» Problem to solve: Would you retype the entries from the first line to the line bearing "Amoliya Jewels Polki", both included, leaving out every picture?

» Records from a data collection:
▬▬▬▬▬▬▬▬▬▬
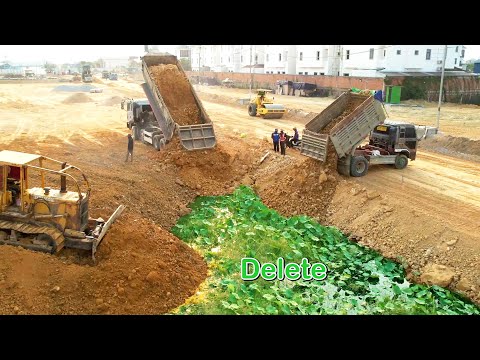 Amazing 100% Complete Corner Process by 25Ton, 5Ton Dump Trucks With Komatsu D58E Bulldozer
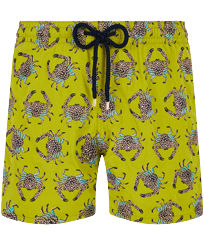 Men Swim Trunks Embroidered Only Crabs ! - Limited Edition Matcha front view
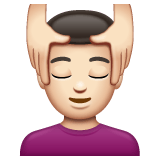 Whatsapp design of the man getting massage: light skin tone emoji verson:2.23.2.72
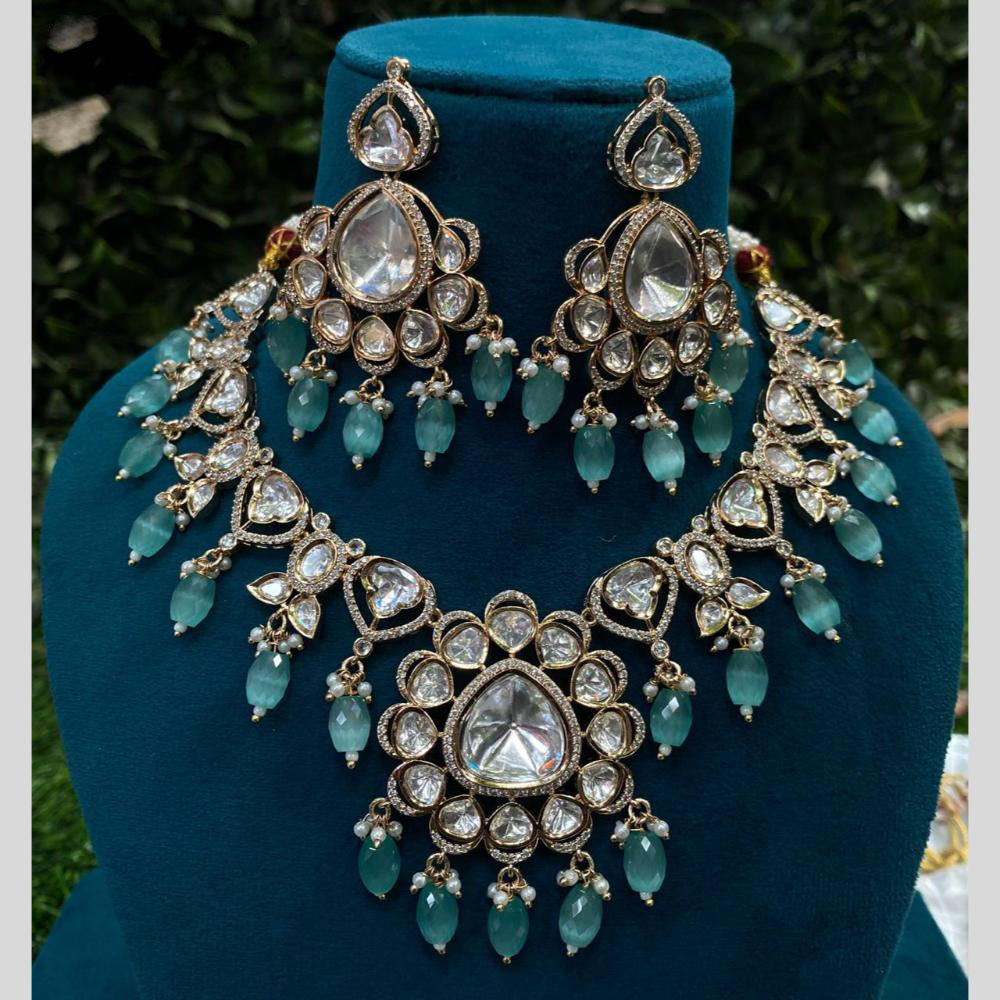 Amoliya Jewels Polki Kundan and Beads Necklace Set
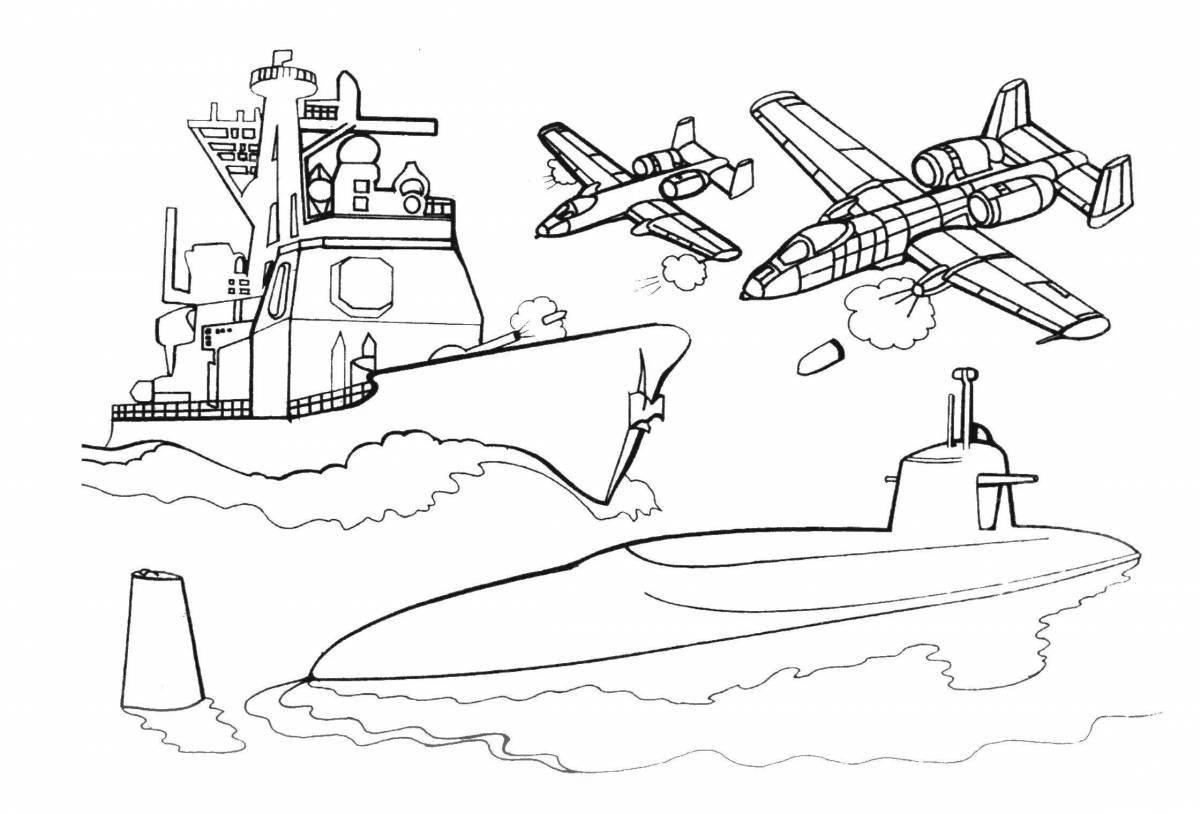Exquisite warship coloring book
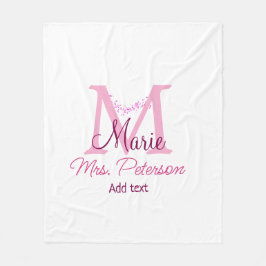 Rosa glitter-monogramlärare, Modern gi Fleecefilt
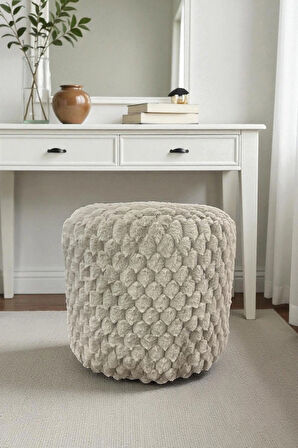 MILANO Yumuşak Rabbit Kumaş (Tavşan Tüyü) Silindir Puf – Modern ve Konforlu Dekoratif Oturma Bench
▬▬▬▬▬▬▬▬▬▬
» The completed task:
 Amazing 100% Complete Corner Process by 25Ton, 5Ton Dump Trucks With Komatsu D58E Bulldozer
 Men Swim Trunks Embroidered Only Crabs ! - Limited Edition Matcha front view
 Whatsapp design of the man getting massage: light skin tone emoji verson:2.23.2.72
 Amoliya Jewels Polki Kundan and Beads Necklace Set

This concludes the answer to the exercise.